WHAT IS BEING ASKED →
For this exercise, return exactly the lines of the material below that begin at the one with "Huswell - Charming" and stop after the one with "House in St.".

RECORDS SUPPLIED →
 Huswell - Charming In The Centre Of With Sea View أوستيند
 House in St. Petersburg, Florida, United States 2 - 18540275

==

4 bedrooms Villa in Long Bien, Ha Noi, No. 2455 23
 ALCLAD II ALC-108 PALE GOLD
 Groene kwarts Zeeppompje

SOLUTION TO THIS EXERCISE →
 Huswell - Charming In The Centre Of With Sea View أوستيند
 House in St. Petersburg, Florida, United States 2 - 18540275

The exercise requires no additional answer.